The maximum range of a projectile is 500m. If the particle is thrown up a plane is inclined at an angle of `30^(@)` with the same speed, the distance covered by it along the inclined plane will be:

To solve the problem, we need to find the distance covered by a projectile along an inclined plane when it is thrown with the same speed that gives it a maximum range of 500 m. The incline is at an angle of 30 degrees. ### Step-by-Step Solution: 1. **Understand the Maximum Range**: The maximum range \( R \) of a projectile is given by the formula: \[ R = \frac{u^2 \sin(2\theta)}{g} \] where \( u \) is the initial velocity, \( g \) is the acceleration due to gravity, and \( \theta \) is the angle of projection.
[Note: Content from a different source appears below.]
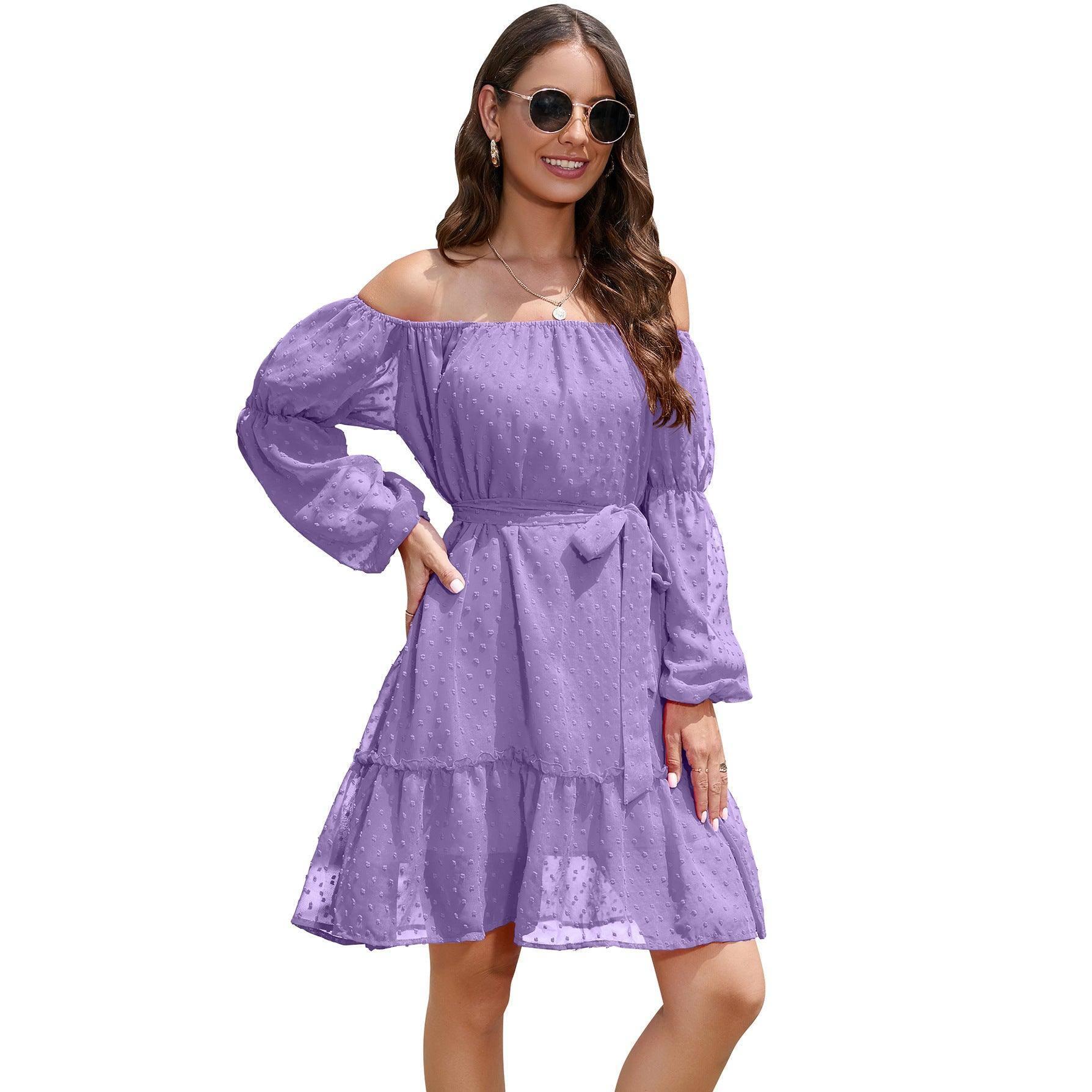 Fashion One-shoulder Long Sleeve Dress For Women Tie Waist-Purple-6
For maximum range, \( \theta = 45^\circ \). 2. **Substituting Values**: Given that the maximum range \( R = 500 \) m, we can substitute this into the equation: \[ 500 = \frac{u^2 \sin(90^\circ)}{g} \] Since \( \sin(90^\circ) = 1 \), this simplifies to: \[ 500 = \frac{u^2}{g} \] 3. **Rearranging for \( u^2 \)**: Rearranging the equation gives: \[ u^2 = 500g \] 4. **Finding Distance Along the Inclined Plane**: When the projectile is thrown up an inclined plane at an angle of \( 30^\circ \), we can use the kinematic equation: \[ v^2 - u^2 = 2a s \] Here, \( v = 0 \) (the final velocity at the highest point), \( u^2 = 500g \), and \( a = -g \sin(30^\circ) \). 5. **Substituting Values**: Since \( \sin(30^\circ) = \frac{1}{2} \), we have: \[ a = -g \cdot \frac{1}{2} = -\frac{g}{2} \] Plugging in the values into the kinematic equation: \[ 0 - (500g) = 2 \left(-\frac{g}{2}\right) s \] Simplifying this gives: \[ -500g = -g s \] 6. **Solving for \( s \)**: Dividing both sides by \( -g \) (assuming \( g \neq 0 \)): \[ s = 500 \text{ m} \] ### Final Answer: The distance covered by the projectile along the inclined plane is **500 m**.